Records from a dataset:
::::
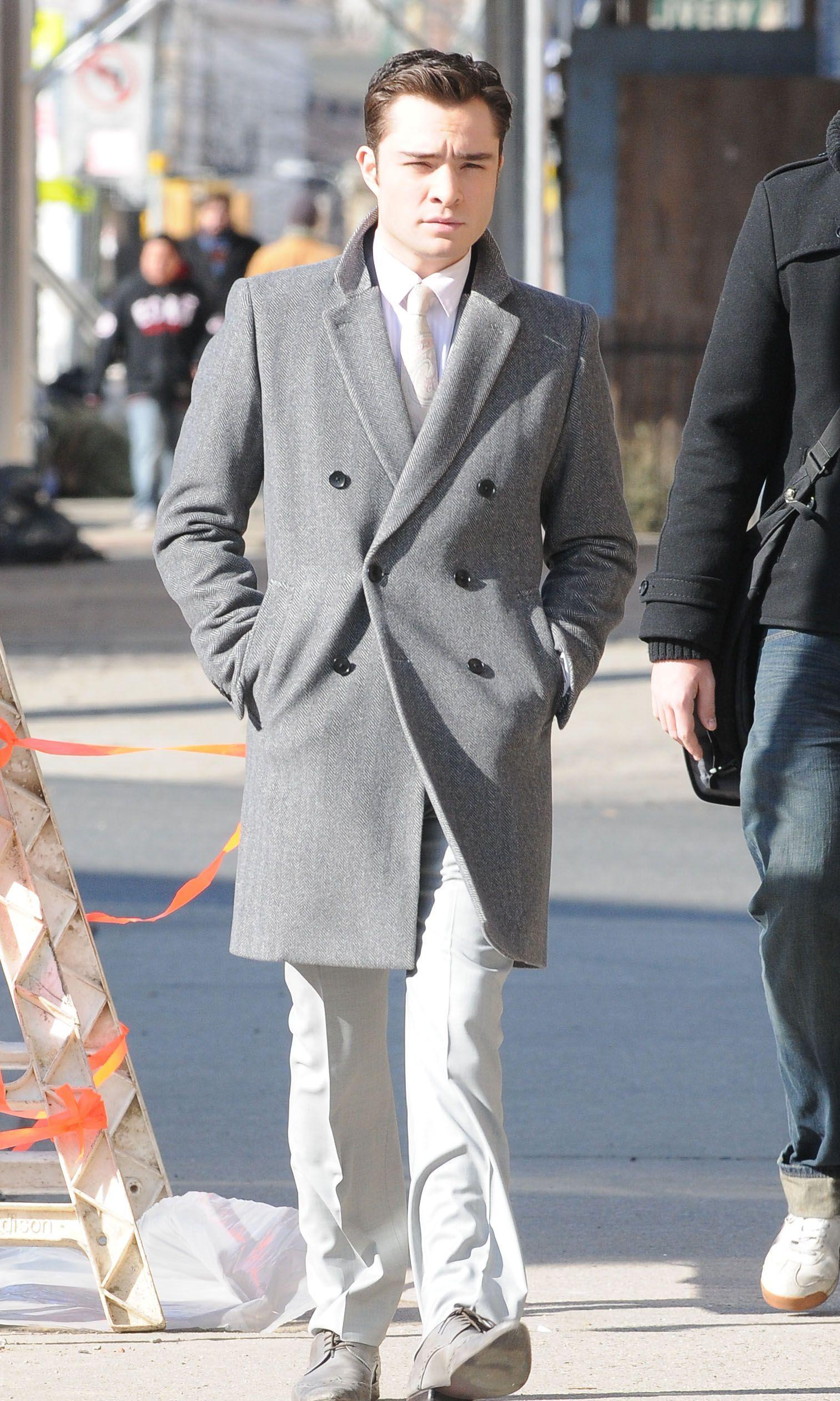 Ed Westwick photo #438609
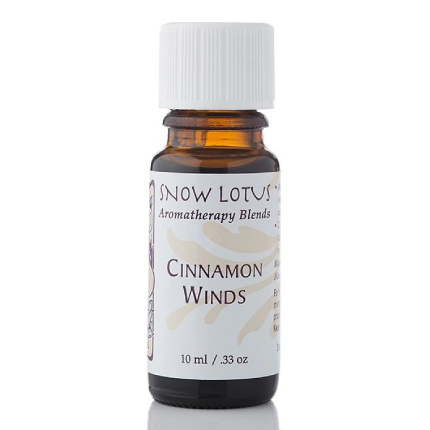 Snow Lotus Cinnamon Winds 10 ml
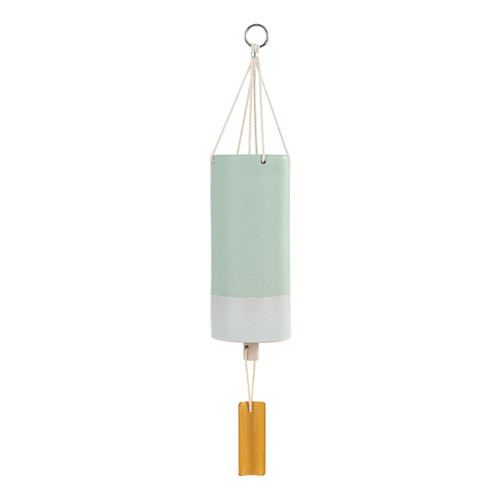 Inspired Wind Chime - Paw Prints slide 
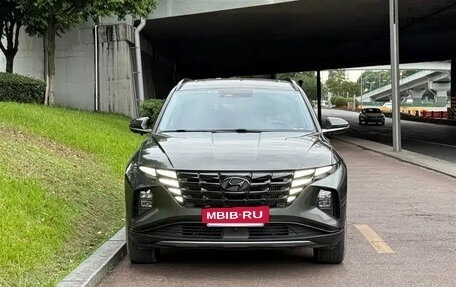 Hyundai Tucson, 2023 год, 2 099 000 рублей, 2 фотография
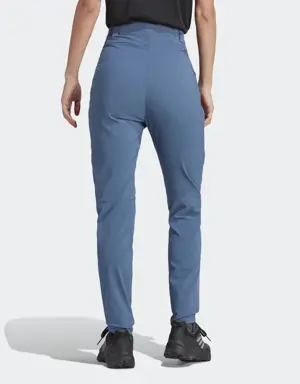 Terrex Zupahike Hiking Pants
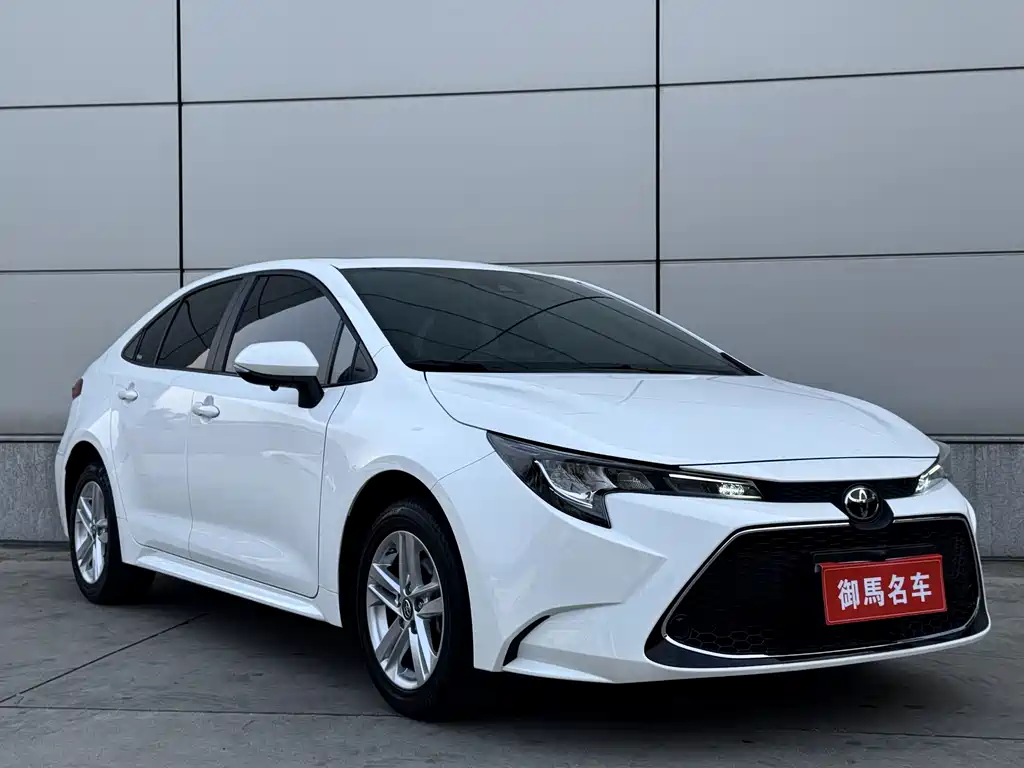 Levin 185 T CVT Luxury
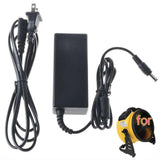 Charger For XPOWER FC-125B Portable High Velocity Battery Operated Portable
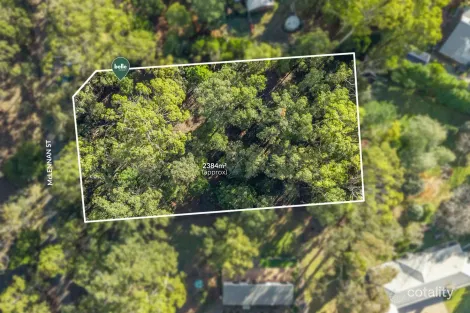 Mclennan St, Blackwood, VIC 3458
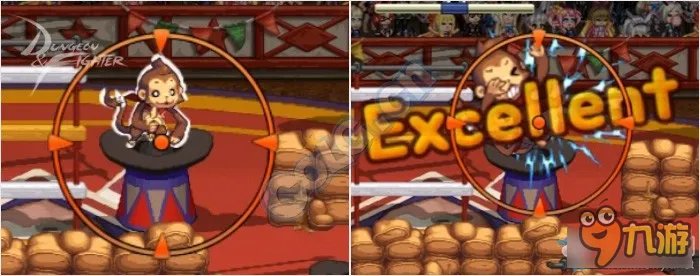 dnf新版马戏团奖励一览 DNF新版马戏团攻略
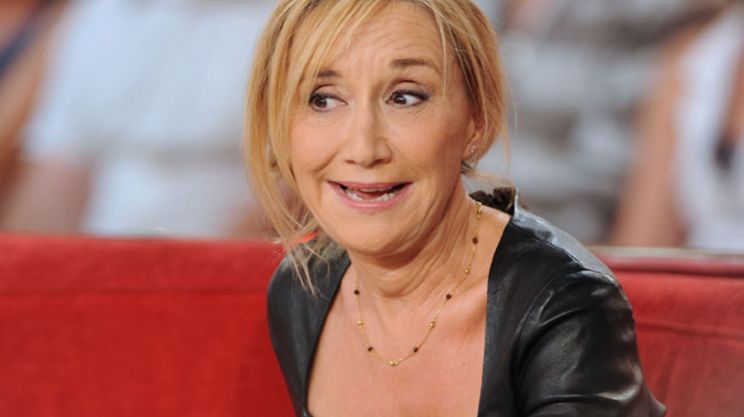 Marie-Anne Chazel
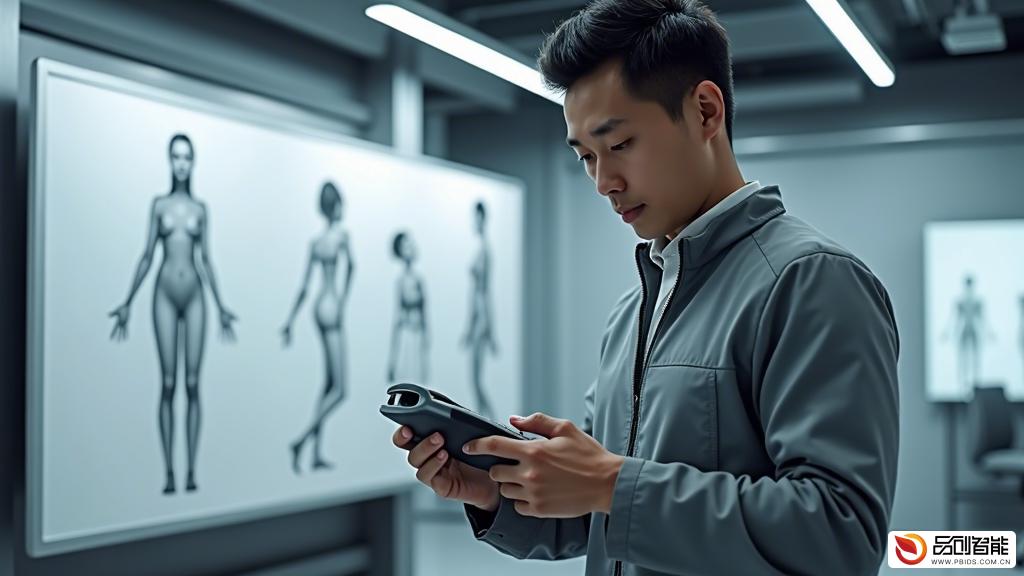 可穿戴设备蓝牙协议中心：解锁智能互联新纪元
::::
*The task:*
Repeat the data exactly, without the pictures.

*Response box:*
 Ed Westwick photo #438609
 Snow Lotus Cinnamon Winds 10 ml
 Inspired Wind Chime - Paw Prints slide 
 Hyundai Tucson, 2023 год, 2 099 000 рублей, 2 фотография
 Terrex Zupahike Hiking Pants
 Levin 185 T CVT Luxury
 Charger For XPOWER FC-125B Portable High Velocity Battery Operated Portable
 Mclennan St, Blackwood, VIC 3458
 dnf新版马戏团奖励一览 DNF新版马戏团攻略
 Marie-Anne Chazel
 可穿戴设备蓝牙协议中心：解锁智能互联新纪元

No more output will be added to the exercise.